I have done a lot of stupid things in my 34 years of homebrewing, and I believe I had exhausted all of the dumb things I could do. But this weekend…a new one!
On April 7, I brewed 10 gallons of Belgian Golden/Tripel. Split them in two fermenters with WY1388 in one, WY3787 in the other. Kegged them a couple of weeks later and put them in the keezer, which is set at 35-38°. Tapped the WY3787 in mid May. Delicious, one of my better efforts. I ended up pulling a 2.5 gallon keg of it and took it to a conference I was attending - it was well-received by all who had a glass.
Last week after a month of drinking it the last of it finally blew. Oh well, I have the WY1388 keg untapped and cold conditioning for nearly 2 months. I am set.

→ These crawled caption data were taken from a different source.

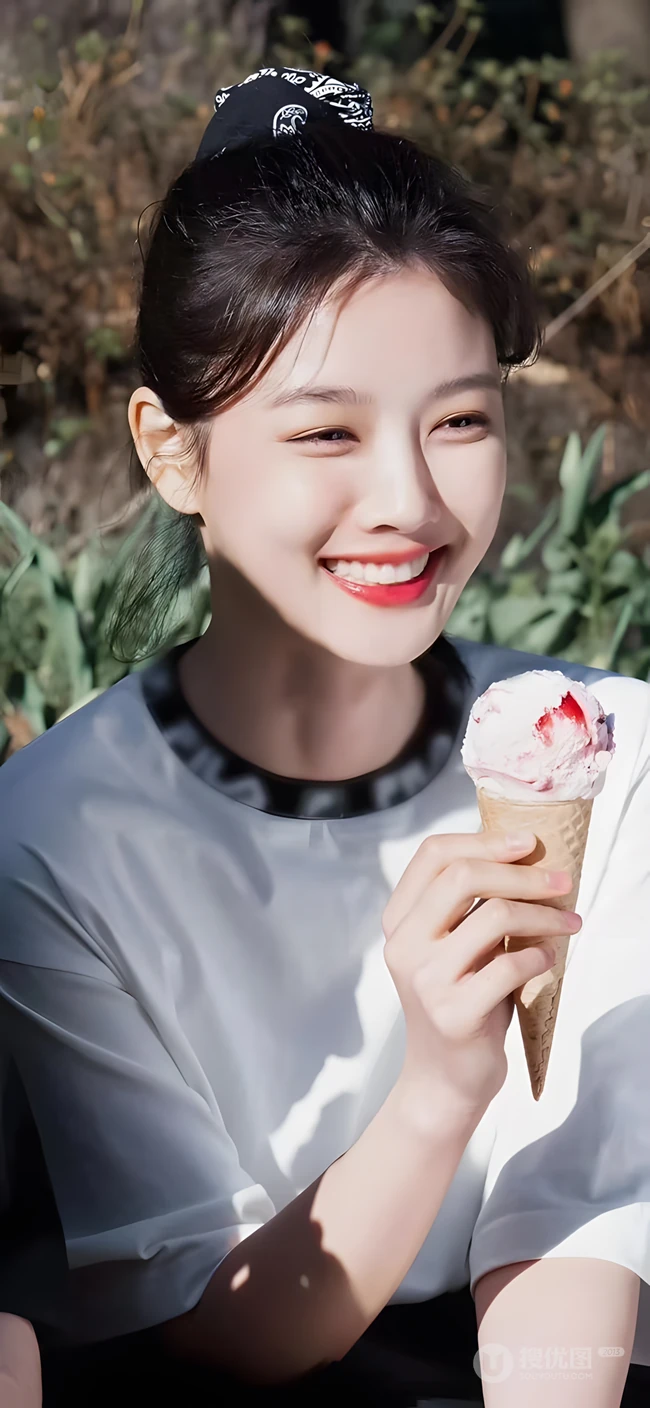 户外阳光下手拿冰淇淋的甜美治愈美女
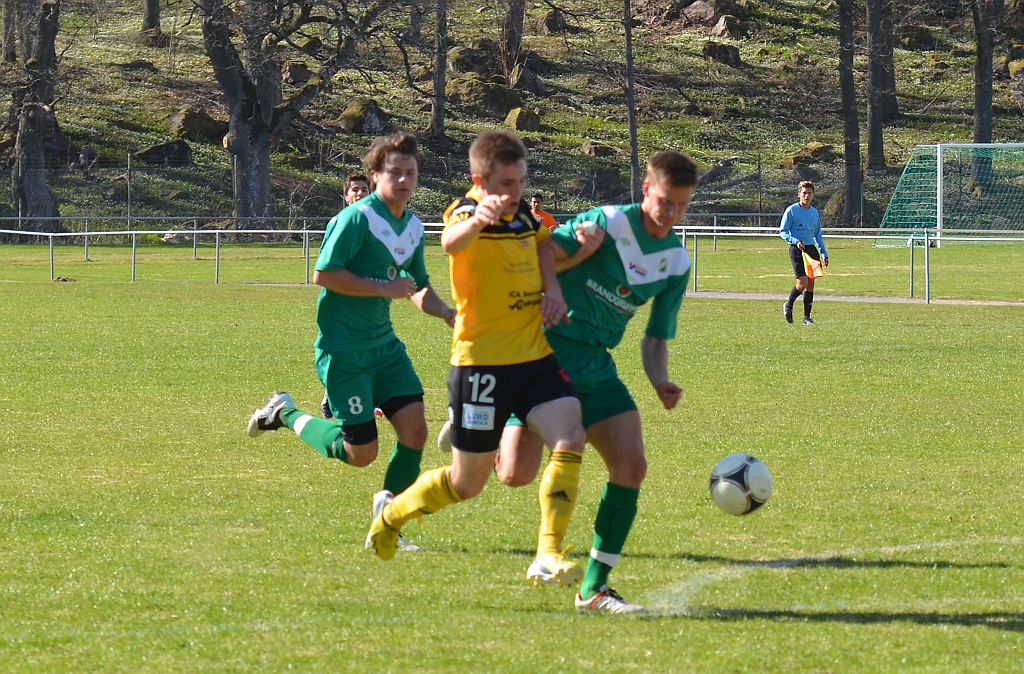 2013_0505_27.JPG - Brandon Wade får en djupledsboll att jobba på . . . .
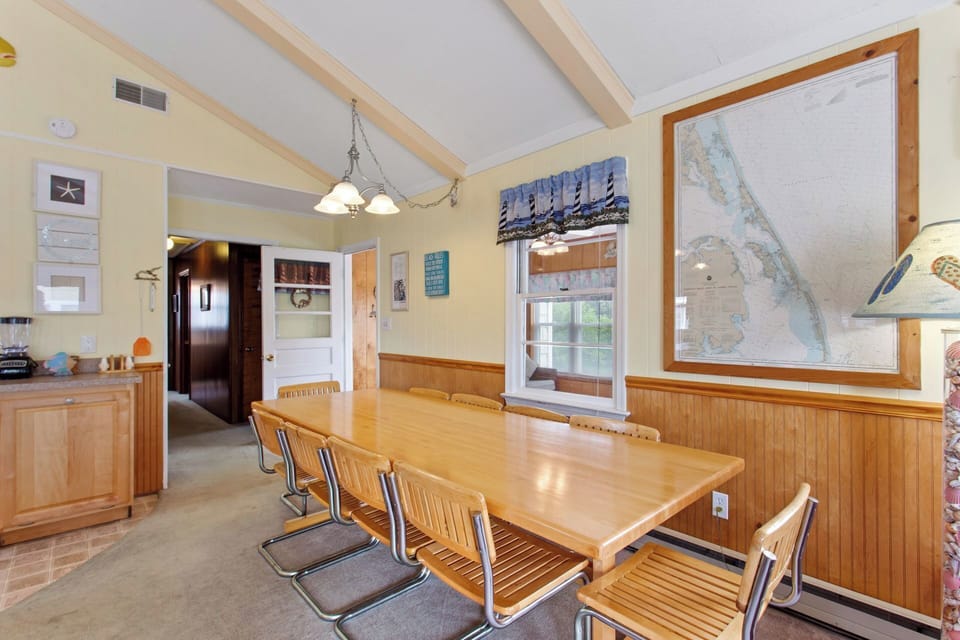 Eat at the counter Bar, which has stool seating for 4, or slip on over to the open-concept Dining Area to enjoy it together as a family.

We are finally remodeling the basement and Friday the electrician came over to install light fixtures. He got here at 8:00 am, and was still working at 5:30 pm. He’s a good guy and a friend who loves my beer, so I decide to tap the WY1388 and fill him a growler to take home.
I check the keg pressure with a gauge - 14 psi. Perfect for a strong Belgian golden. I draw a glass to capture the yeasty first pint - and this brown crud comes out in my glass! WTF? I taste it - its not beer. Its water.
I go and check the other kegs sitting on my basement floor, and find a full, unlabeled one. I open the lid and thieve a turkey baster of liquid - yep, flat Belgian golden ale. I had mixed my kegs up and stuck a keg I was soaking in water to clean the yeast cake out in the keezer, and left the true keg of beer sitting on the basement floor.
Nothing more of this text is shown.